» **What you are asked to do**
Leave the pictures aside. Retype exactly the lines from the top of the data below through the one holding "Daredevil (horns) - (Print)(悪魔の角)".

» **Records shown**
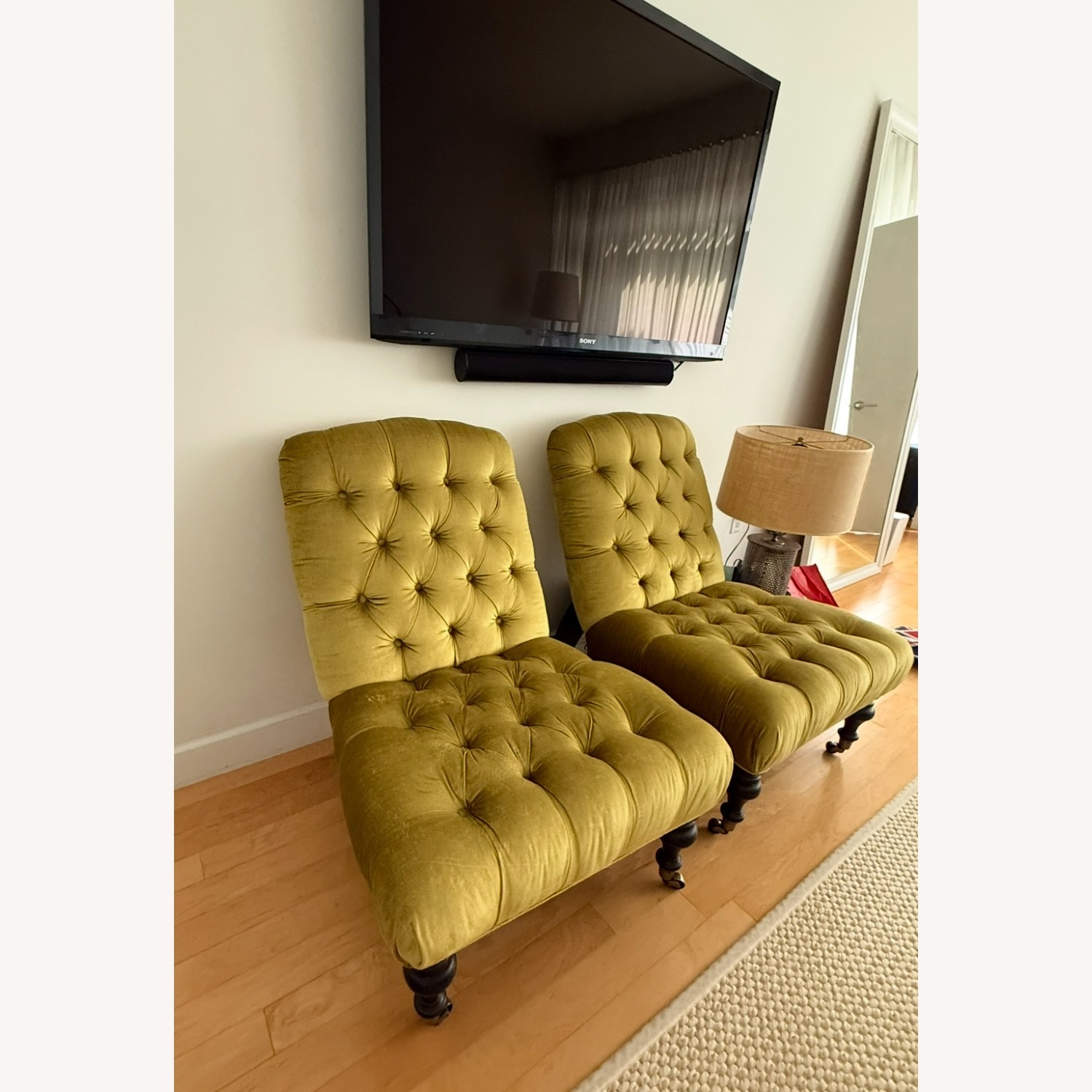 ABC Carpet and Home Velvet Chair Set - image-1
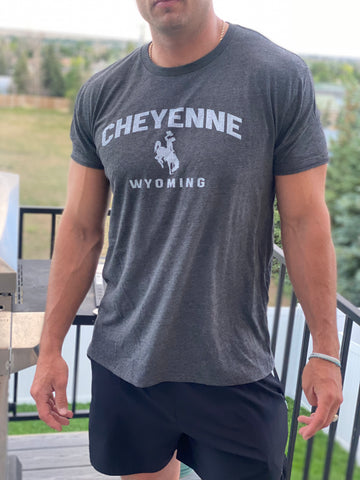 Unisex Local Cheyenne WY Tee- Dark Grey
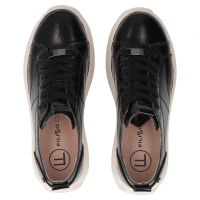 Skórzane sneakersy Filippo  DP6795/25 BK czarne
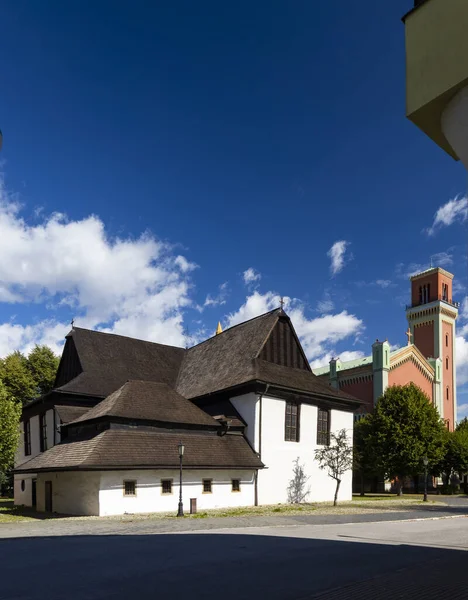 Church Holy Trinity Unesco Site Kezmarok Slovakia — Stock Photo, Image
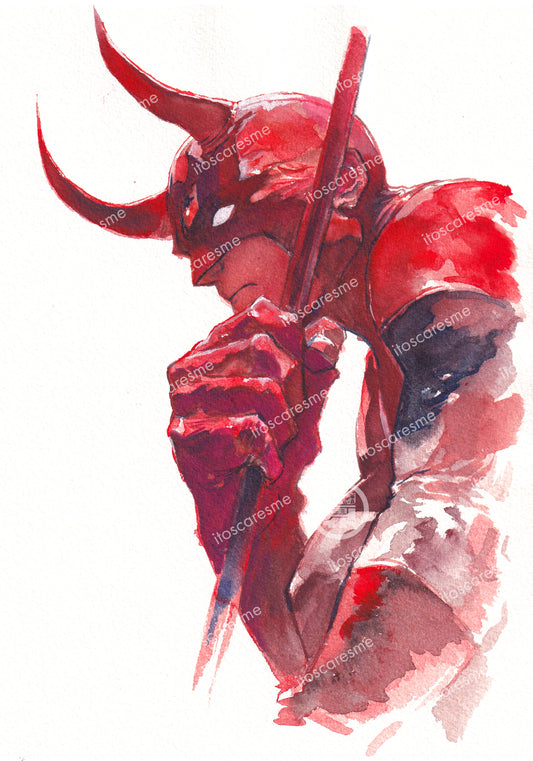 Daredevil (horns) - (Print)(悪魔の角)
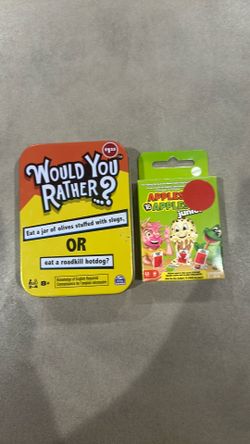 Card games (like new never used)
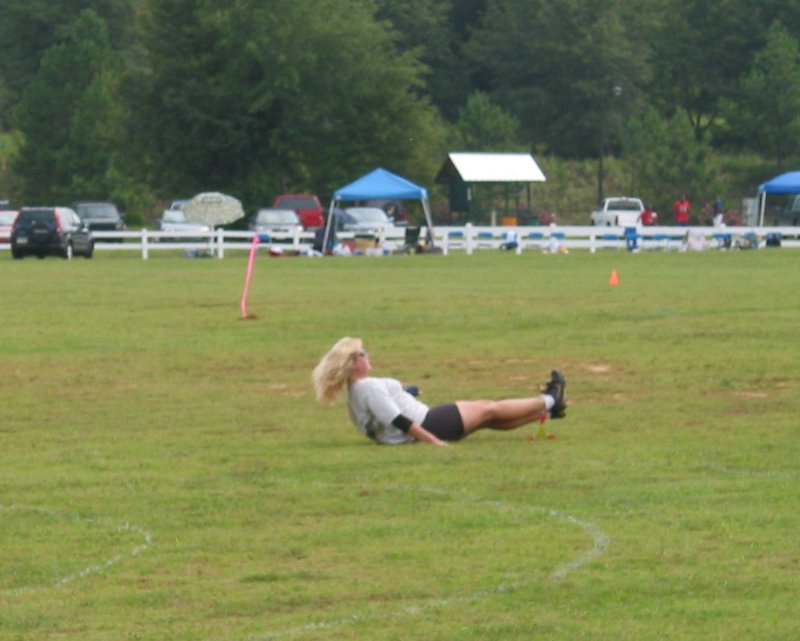 Betsylew's foot catch attempt barely slips away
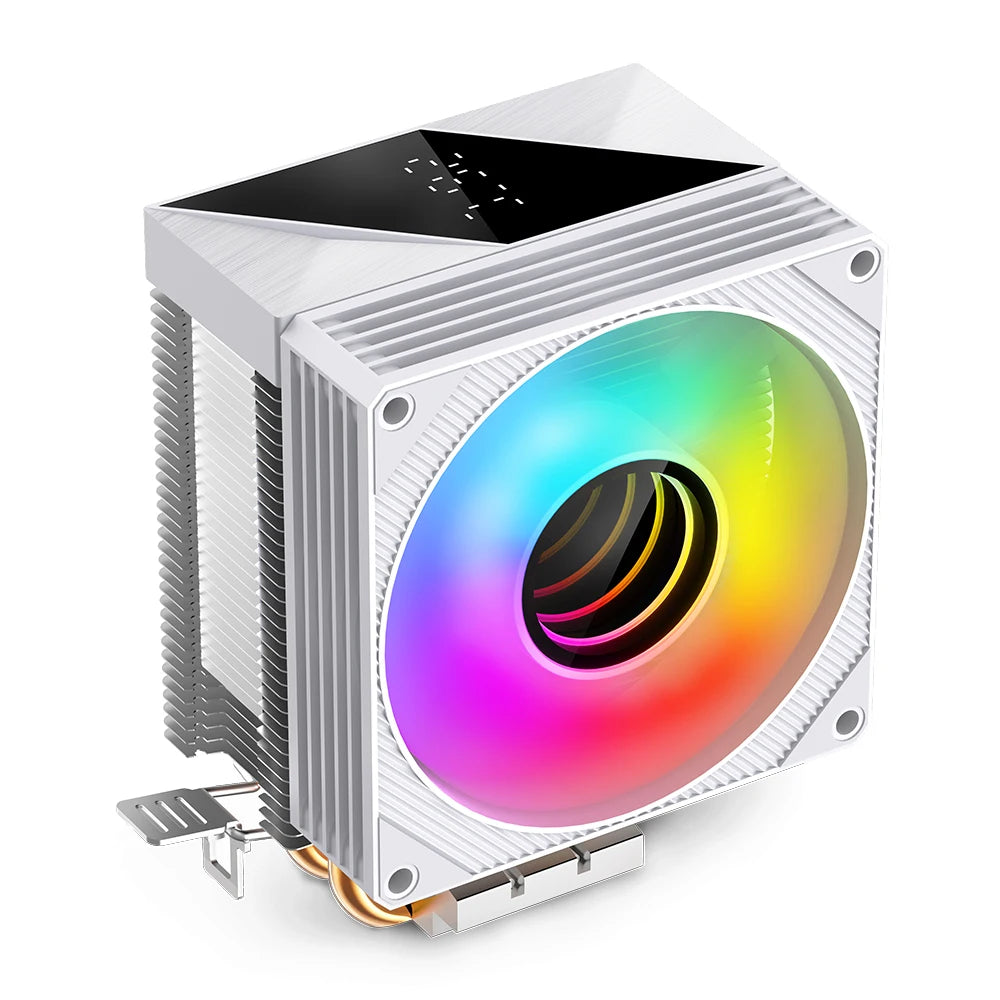 Jungle Leopard KF200 DGT Silent CPU Cooler 2 Copper Heatpipes with RGB LED Fan for PC Case, Desktop Processor Air Cooler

» **Expected answer**
 ABC Carpet and Home Velvet Chair Set - image-1
 Unisex Local Cheyenne WY Tee- Dark Grey
 Skórzane sneakersy Filippo  DP6795/25 BK czarne
 Church Holy Trinity Unesco Site Kezmarok Slovakia — Stock Photo, Image
 Daredevil (horns) - (Print)(悪魔の角)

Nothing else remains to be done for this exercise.